Agriculture

Frack off Buru

Protesters gathered outside Buru Energy’s annual general meeting today at the Celtic Club in West Perth to protest the oil and gas giant’s upcoming plans to ‘frack the Kimberley’.

Protesters outside the Celtic Club. Photo: Rebecca Stacy

The protest, organised by Lock the Gate Alliance WA, aims to get Buru Energy to consider an alternative way of sourcing gas after plans to frack at Yawuru.

Lock the Gate Alliance WA spokesperson Jane Hammond says Buru Energy will initially be targeting conventional gas in Yawuru, before it moves onto tight gas, which will require fracking to extract.

“They [Buru Energy] are not using the term fracking because they know how weighted that is,” she says.

Ms Hammond says in their submission to the WA inquiry into fracking, Buru Energy admitted they found elevated levels of radioactive material and high levels of salts, Boron and Barium in their fracking flowback fluid.

“Their solution to what to do with this intractable waste – feed it to cows as stock water,” she says.

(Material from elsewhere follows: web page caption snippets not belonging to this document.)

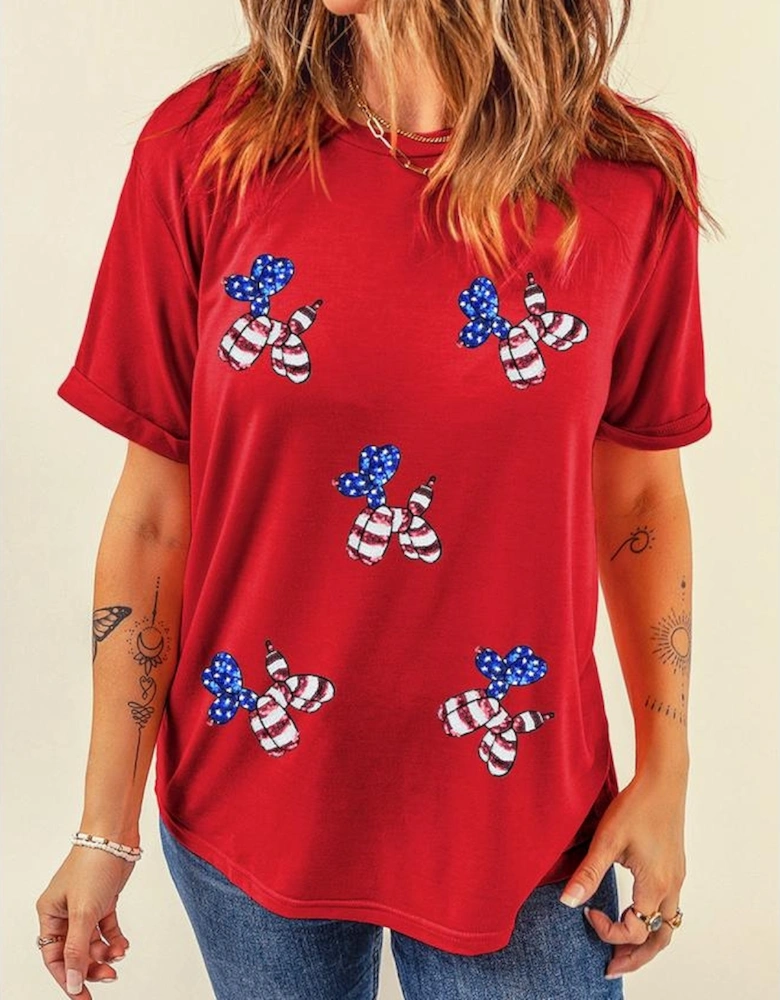 Red Sequin Stars and Stripes Balloon Puppy Graphic Crewneck Tee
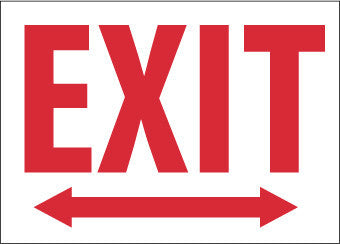 NMC M214PB-EXIT WITH DOUBLE ARROW, 10X14, PS VINYL (1 EACH)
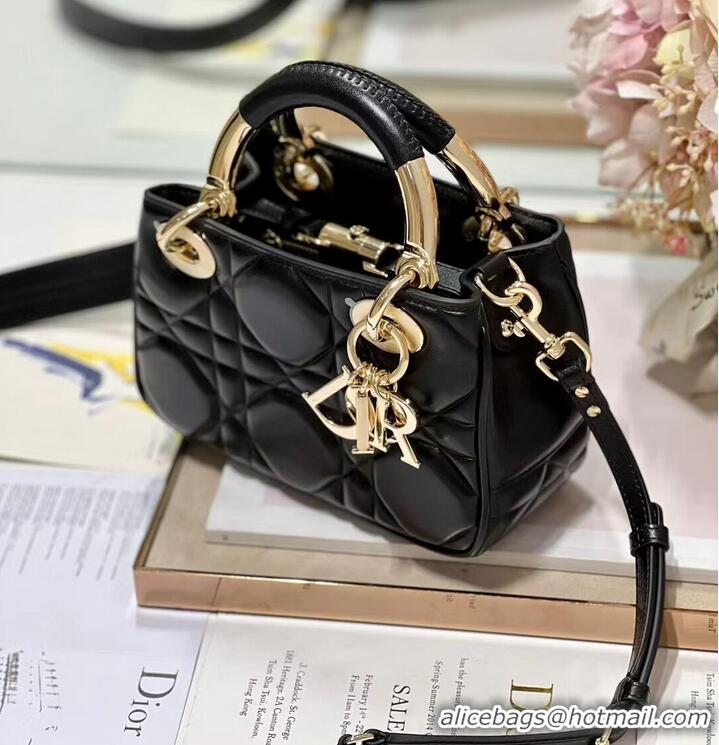 Chic Promotional LADY DIOR TOP HANDLE SMALL BAG Cannage Lambskin C0620 black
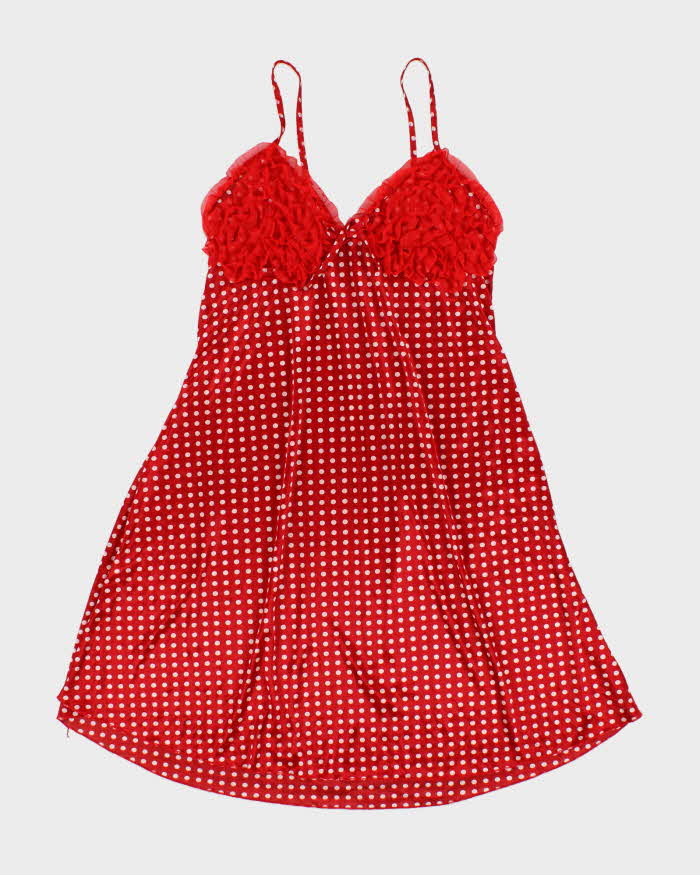 Vintage Y2k 00s High Fashion Polka Dot Slip Dress - S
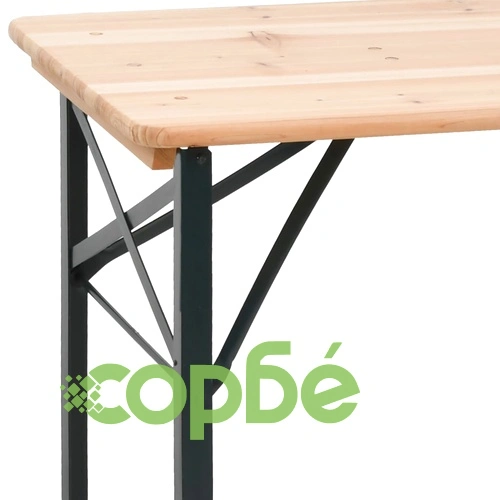 Комплект със сгъваема маса за бира от 3 части, масивна ела ➤ топ цена ➤ sorbe.bg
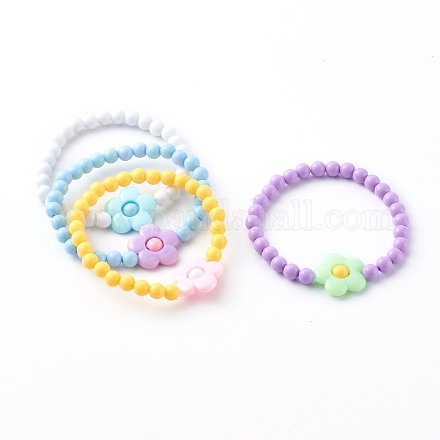 Bracelets de perles extensibles acryliques opaques pour enfants BJEW-JB06221-1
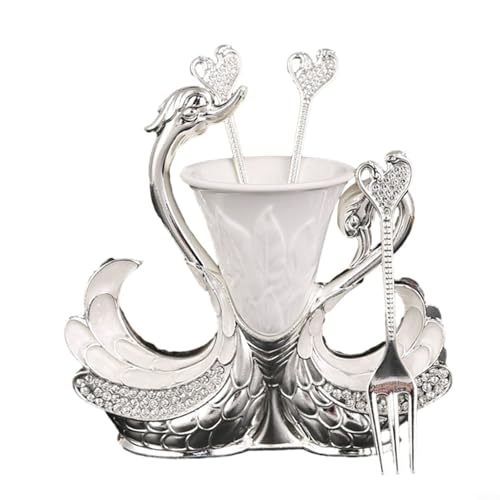 Geschirr-Set mit Schwanensockel, 6 Löffel und 6 Gabeln für Kaffee, Obst und Dessert-Präsentationen (silberfarbene Gabel) von Entgoinggo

“If you feed stock that’s going into our export market a potentially radioactive and contaminated water, you could kill off that industry.”

Screenshot from Frack Free WA’s Facebook account.

Wilderness Society of WA State Director Kit Sainsbury says Buru Energy needs to be reminded they don’t have the social licence to follow this through.

“There is enough public community support, not just in the Kimberley with traditional custodians, but here within Perth and beyond to further demonstrate that fracking is a dangerous industry that should not go ahead,” he says.

Mr Sainsbury says there are alternative measures to fracking that could better not only the Kimberley, but society as a whole.

“There are viable alternatives in the industry to take this on beyond fracking that will provide jobs, that will provide a beneficial economy and will also lead to a cleaner future for that area and for Western Australia as a whole.”

Buru Energy did not respond to requests for comment.